Мы затеяли что-то очень опасное, думаю я. Пытаемся найти друг у друга уязвимые точки. Они могут оказаться минными полями, за которые я уже не отвечаю. Она там, в своей комнате скорби, ведет себя не пассивно. Она мечется по ней, пытаясь ее переделать. Переделать в комнату жизни. Эрик Холм был для нее этой жизнью. Новой жизнью, на которую у нее появилась надежда. Но он погиб. И остался только я. Меня удивляет, почему она выбрала меня. Потому что мы сталкиваемся друг с другом в одной и той же комнате скорби? Не многие скорбят по Ане. Скоро останемся только мы, ее мать и я.
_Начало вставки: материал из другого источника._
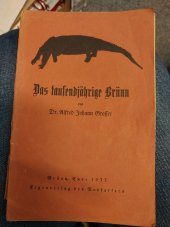 kniha Das tausendjährige Brünn, Eigenverlag 1933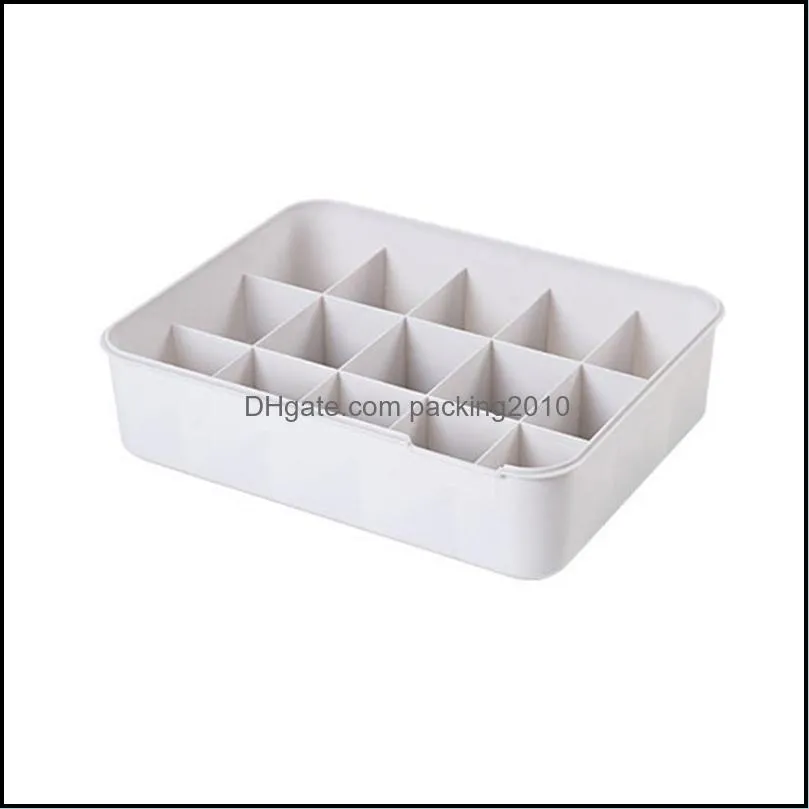 Storage Drawers 1/10/15 Grid Reusable Plastic Underwear Box With Mark Closet Organizer Drawer For Socks Boxers Bra SMD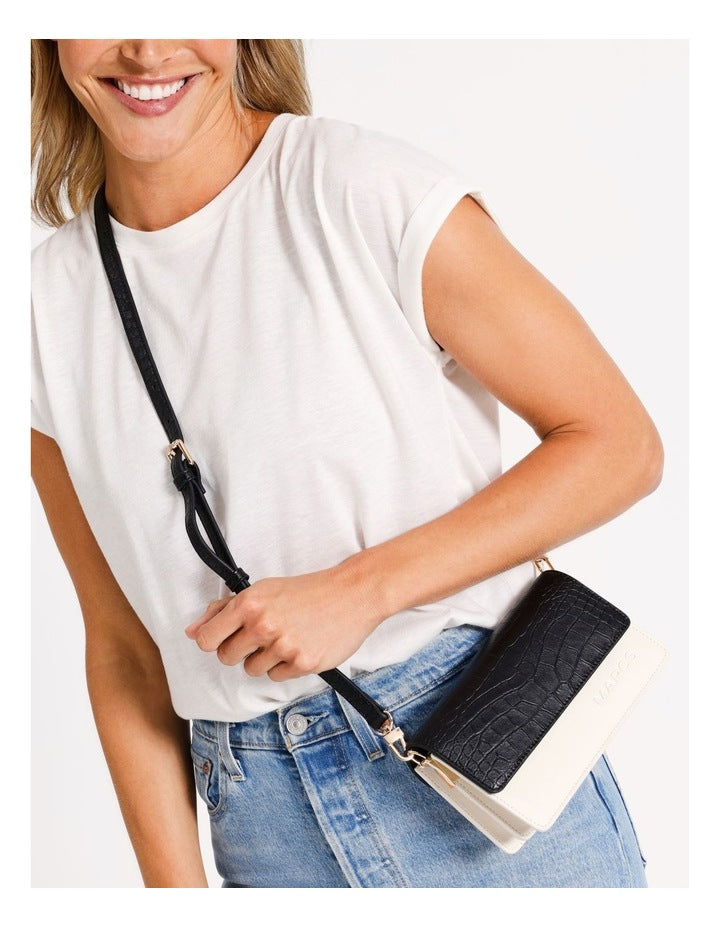 Amsterdam Accessory Pack in Black Croc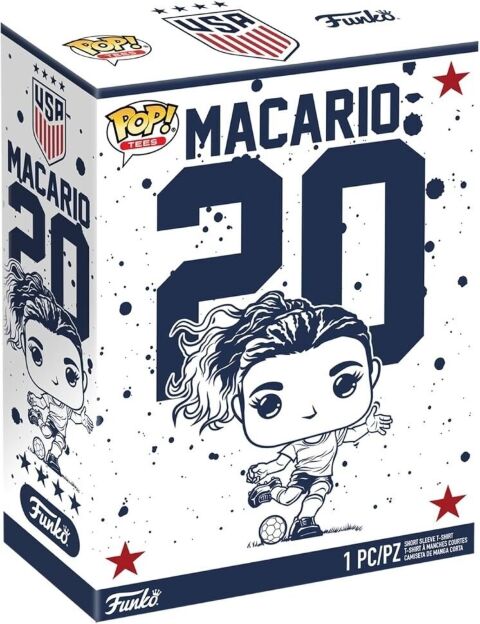 Футболка Funko Boxed Tee: The US Women's National Soccer Team Caterina Macario фанко (розмір L) - -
Я думаю об Анином отце. О Бруре Скууге. Никак не могу забыть тот страшный сон. Пытаюсь продолжать занятия, перехожу к седьмой сонате Прокофьева, вколачиваю в рояль начальные октавы. Но дальше дело не идет. Я снова и снова повторяю эти октавы. Потом встаю, не понимая себя, не понимая, что меня тревожит. Назад пути нет. Я должен войти в комнату скорби, проникнуть в ее суть. В комнату самоубийства. Увидеть место преступления. То место, где Брур Скууг раздвоился на две личности — на жертву и палача. Когда-то мама сказала, что самоубийство — это трусость. Что в самоубийстве трусливого? — думаю я и пытаюсь проникнуть в чувства, владевшие Бруром Скуугом в последний день, в тот день, когда он понял, что Аня умирает, и ему захотелось опередить ее в этой очереди. Может, самоубийство означает, что человек берет на себя ответственность? Так же, как и освобождается от нее? Может, самоубийство — это обнажение человека перед Богом? Признание Творцу: я больше не могу быть человеком. Может, мама тоже совершила самоубийство, когда в тот раз позволила течению увлечь себя? Может, она почувствовала, более или менее осознала, что с нее хватит, что ее жизнь исчерпала себя, что скоро в доме она останется только вдвоем с отцом, что ей никогда не освободиться от чувства унижения, которое она испытывала при мысли о своих растраченных впустую возможностях. Что все остальное ей безразлично. Она пила вино. Может, она находилась в той стадии опьянения, когда человек чувствует в себе прилив смелости, когда человек решает, что разбить голову о камни водопада — это освобождение, и хочет сделать природу своим палачом?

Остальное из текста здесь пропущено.